Bordertown pays tribute to former prime minister

The Bordertown community has come together to mourn the passing of its most high profile former citizen.

Former Prime Minister Bob Hawke passed away peacefully at home on May 16, at the age of 89.

Born in Bordertown, Mr Hawke was known as one of Australia's best and most eccentric leaders, something that the town is proud of to this day.

Speaking on behalf of Tatiara District Council Mayor Graham Excell, Cr Liz Goossens expressed how "special" it was for Bordertown to be the birthplace of a former prime minister.

"He was extremely special to us here in Bordertown and every time he has come back here he has managed to charm all the residents," Ms Goossens said.

"He was an amazing prime minister and the fact that he was born here in Bordertown is something that we should be really proud of.
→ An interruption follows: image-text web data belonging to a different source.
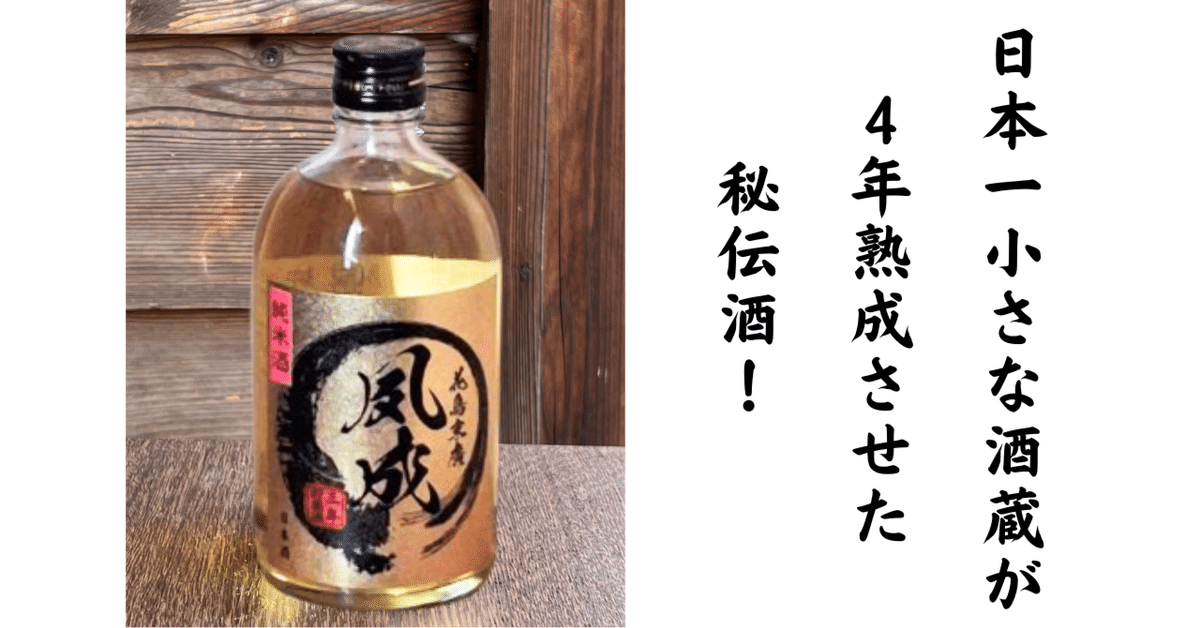Amazon.co.jp: 清水 哲男: 本、バイオグラフィー、最新アップデート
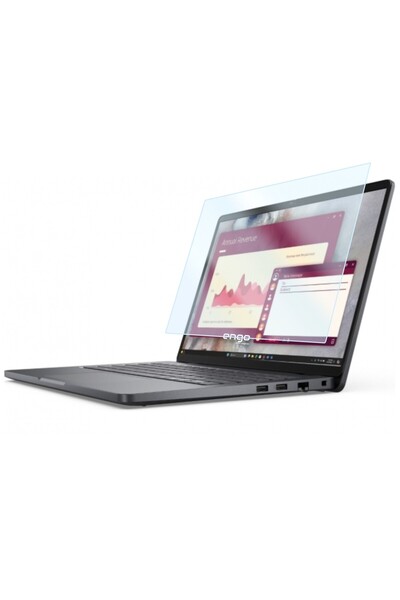 Engo Dell Pro 14 Pc14250 14 Inch Screen Protector 9H Nano 16:10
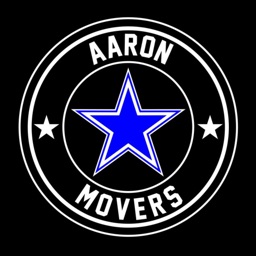 Aaron Movers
Cr Goossens added that even though Mr Hawke was a Labor leader, he still managed to win the hearts of a historically strong Liberal electorate.
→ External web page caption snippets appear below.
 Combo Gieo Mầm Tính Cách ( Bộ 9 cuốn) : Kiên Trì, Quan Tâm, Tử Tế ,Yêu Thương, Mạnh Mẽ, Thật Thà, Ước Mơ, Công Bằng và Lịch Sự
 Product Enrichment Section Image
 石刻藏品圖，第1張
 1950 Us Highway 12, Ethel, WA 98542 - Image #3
"Barker is one of the strongest Liberal seats in Australia and because of his charisma people are still happy to call him one of our own," Ms Goossens said.

Mr Hawke only lived in Bordertown for the early stages of his childhood, however some of the older residents recalled that he would constantly get into trouble and cause mischief.

Bordertown local Nancy Mattinson described her connection with the Hawke family, along with countless stories about the former prime minister.

"I had a grandmother and aunt who lived close to the Hawkes and we were very close to the family," Ms Mattinson said.

"Bob as a toddler used to come around to the house on Sunday afternoons to entertain my aunt, which they all loved.

"Bob was a precocious and adorable toddler, but he definitely had a streak of mischief in him."

When asked what impact Mr Hawke's legacy has had on Bordertown, Ms Mattinson said his whole family had left their mark.

"I reckon there is a greater legacy for Bob's parents, because they did some fantastic things for the people who were struggling during the Great Depression," Ms Mattinson said.

"I knew girls who said that they wouldn't have had a trousseau when they were married if it wasn't for Mrs Hawke teaching them how to sew."

In the wake of Mr Hawke's passing, Ms Mattinson described him as a "statesman" and a good prime minister, regardless of her voting for him or not.

Australia has lost one of its greatest and most entertaining political figures, and his home town of Bordertown is proud to call him one of its own.